A ratos ruidosa como una multitud, a ratos silenciosa y fría como la muerte, la lluvia nos sigue acompañando desde hace cuatro días. Esta sucesión interminable de pequeñas agujas acuosas tiene el poder, por acumulación, de arruinar una fiesta. Pero esta vez no me ha importado. Hace años que la celebración de la ermita de mi pueblo ha dejado de emocionarme. Cuando era niña, ese día disfrutaba explorando la montaña con mis amigos. Ahora, ha pasado a ser un día más de comilona en familia pero en versión campestre.
La lluvia en primavera no me disgusta tanto como en otoño; tal vez porque vamos de cara al verano y la considero una molestia necesaria para que llegue el buen tiempo. Además la lluvia me predispone al recogimiento y a la reflexión, y eso le ha venido bien a mi efervescente cabeza. También he aprovechado para leer; en mi mesa se acumulan los libros pendientes, y eso que estoy leyendo tres a la vez.
Por fin me he acostumbrado a mis gafas nuevas y ya me reconozco cuando me veo en los espejos. A mí madre, cosa que no me esperaba, le han gustado mucho. Dice que ahora luzco "más moderna".
Ella y mi padre llegaron el viernes de su primer viaje del Imserso.
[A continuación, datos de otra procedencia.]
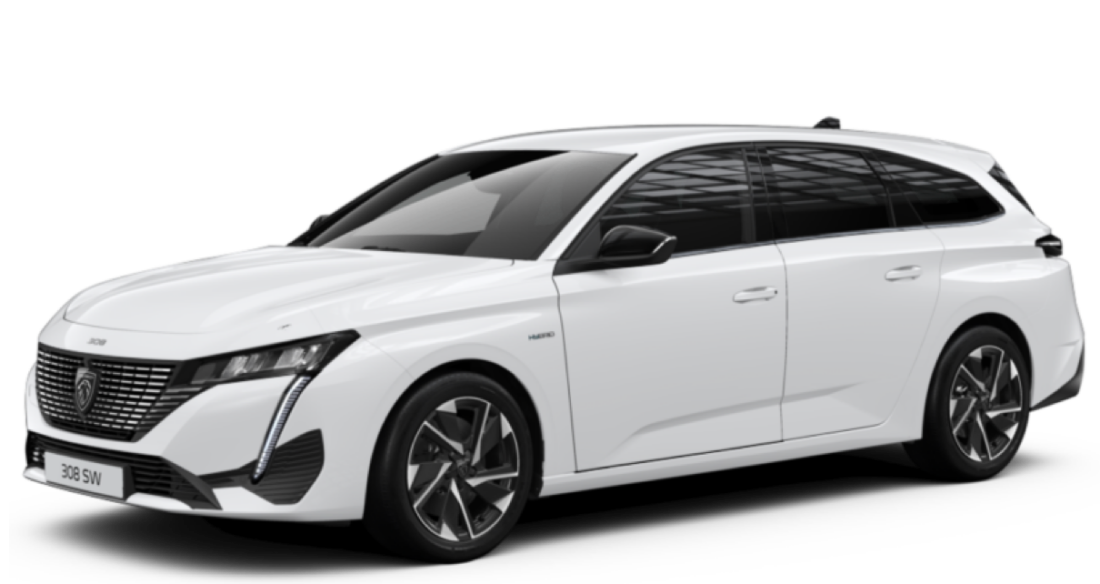 Peugeot 308 SW GT Hybrid 225 e-EAT8 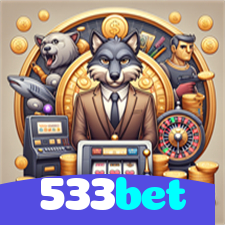 533bet：Jogue as melhores slots e aposte em futebol com confiança e segurança!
Mi padre disfrutó de la experiencia, pero mi madre ya ha asegurado que éste ha sido su primer y último viaje, dice que no está para estos trotes. Como una gran nube negra, la negatividad de mi madre siempre está dispuesta a tapar el sol más radiante. Me exaspera su pesimismo. Creo que por eso -y por supervivencia- he desarollado un sentido del optimismo tan acusado.
Por mi parte, le expliqué lo del concurso de relatos y que quedé finalista. La respuesta de mi madre: ninguna. Ese silencio, en su caso, es más positivo que negativo: mi madre es parca en halagos pero generosa en la crítica. Y aunque hace tiempo que he asumido que nunca podré satisfacerla, ni ser la hija que ella esperaba, una parte de mí -cada vez más menguante- sigue esperando que algún día se sienta orgullosa de mí.